Exercise aim: When you transcribe the lines below, keep every word the same and leave the pictures behind.

Data extract:
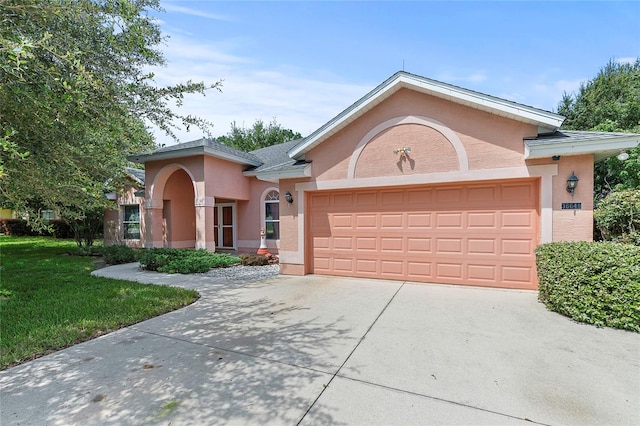 view of front of house featuring a front lawn and a garage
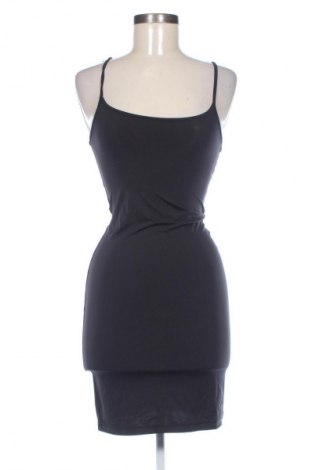 Kleid Review, Größe S, Farbe Schwarz, Preis 74,99 €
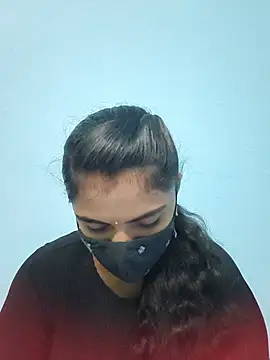 Snapshot of Megavarthinii chatting on July 10, 12:48 am Megavarthinii online show from July 10, 12:48 am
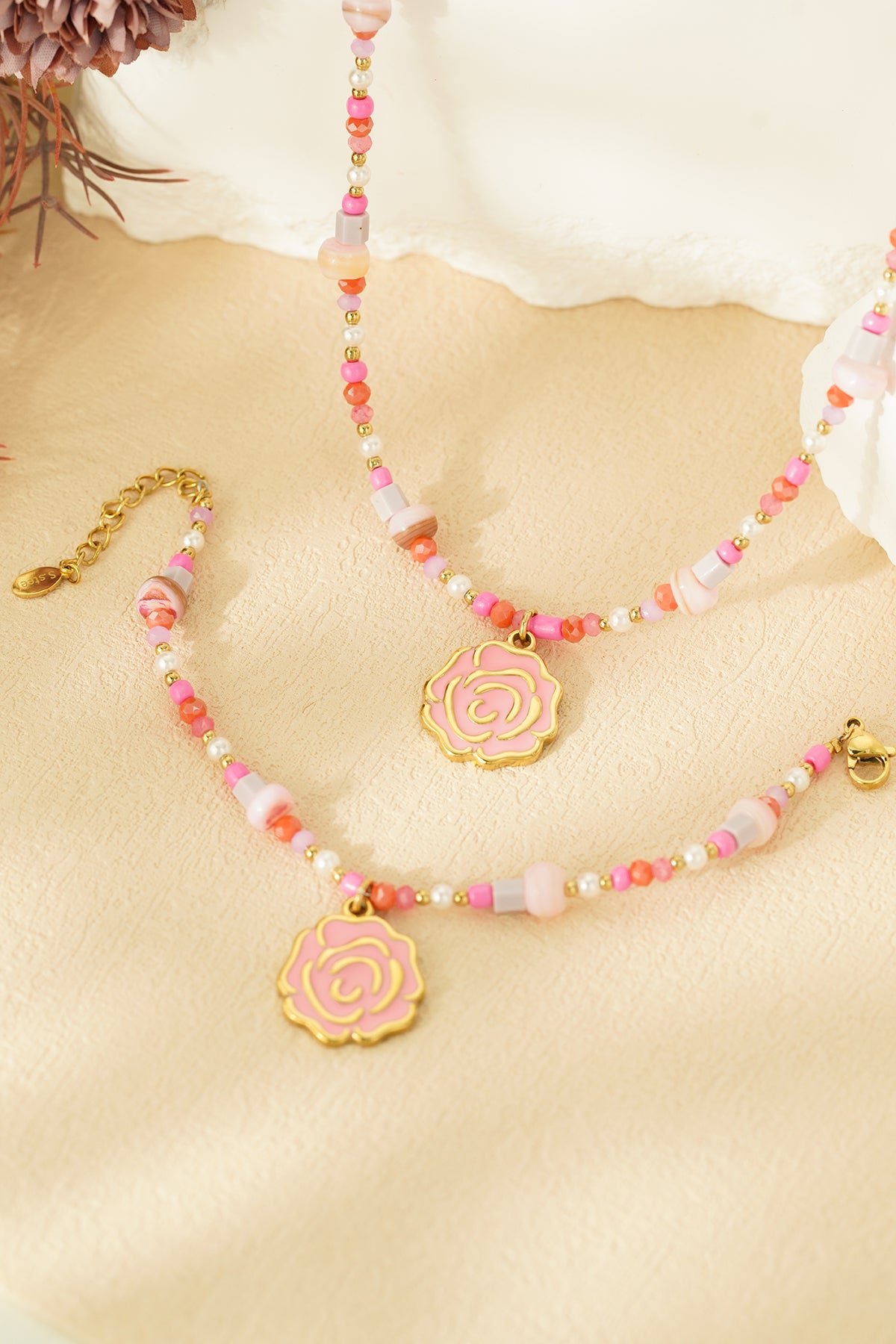 beaded rose necklace - pink &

Response to the exercise:
 view of front of house featuring a front lawn and a garage
 Kleid Review, Größe S, Farbe Schwarz, Preis 74,99 €
 Snapshot of Megavarthinii chatting on July 10, 12:48 am Megavarthinii online show from July 10, 12:48 am
 beaded rose necklace - pink &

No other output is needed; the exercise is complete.